Organisers of Scoil Samhraidh Willie Clancy confirmed to The Clare Echo on Wednesday morning that it would not be taking place this summer.
Businesses in Miltown Malbay have annually emphasised the importance of the summer school with some pubs admitting they would find it difficult to keep their doors open if it were not for the summer school.
Scheduled to take place from Saturday July 4th to Sunday July 12th, organisers had been reviewing “the evolving health crisis and considering various ways in which the 48th summer school might be run safely and successfully” before making their decision.
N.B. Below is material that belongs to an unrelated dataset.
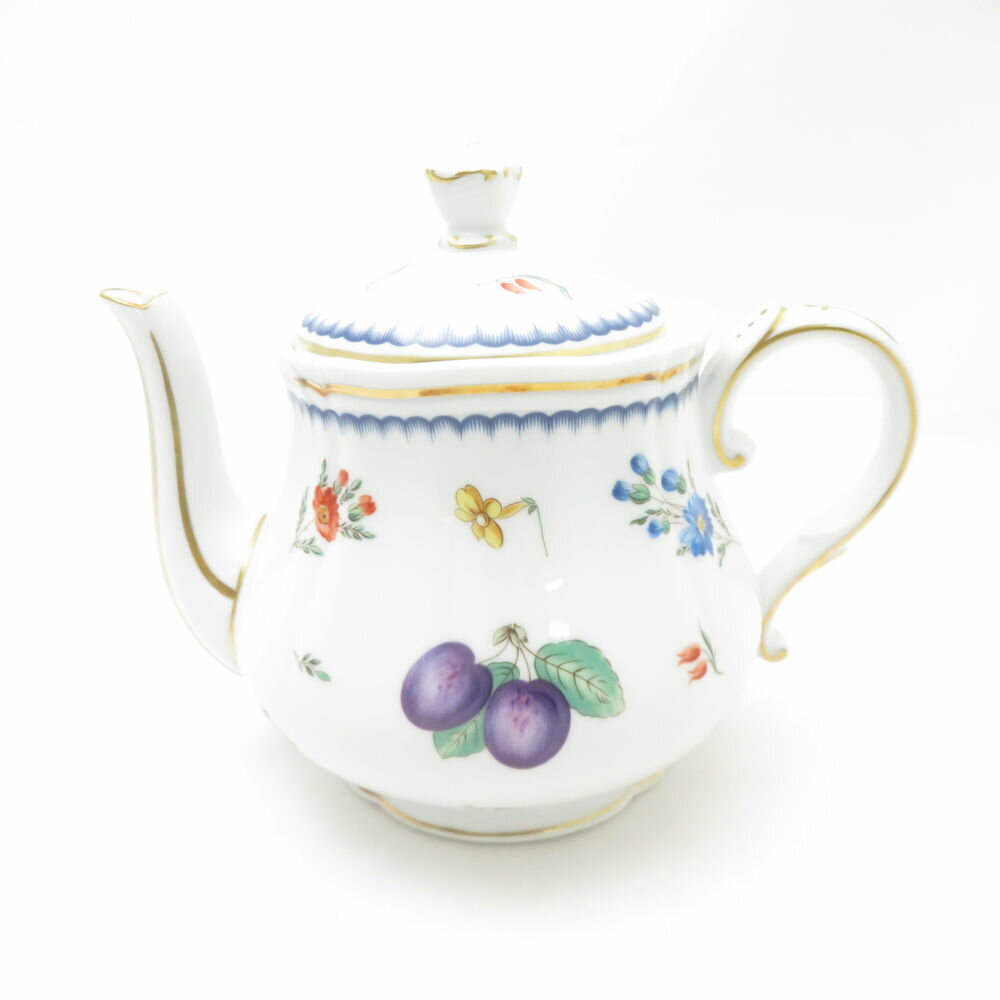 美品 Richard Ginori リチャードジノリ イタリアンフルーツ ティーポット 茶器 果実柄 SC10631A2 【中古】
Concern had been expressed over the health and safety of participants, visitors, local communities and the general public were the 48th Willie Clancy Summer School go ahead. “Taking into account the current situation and restrictions, the prevailing uncertainties, and the advice of the HSE, it has been decided, regretfully, that the summer school programme will not run in 2020,” a spokesperson confirmed.
2020’s programme will remain on the official website of the summer school and is intended to form the basis of the 2021 programme.
Miltown’s best-known uileann piper, Willie Clancy is commemorated in the summer school which has been running since just after his death in 1973. The idea was initiated by Clancy himself, and implemented within six months by teacher Muiris Ó Rócháin in collaboration with CCE’s timire ceoil Séamus Mac Mathúna and local musicians Martin Talty, Paddy Joe McMahon and Junior Crehan.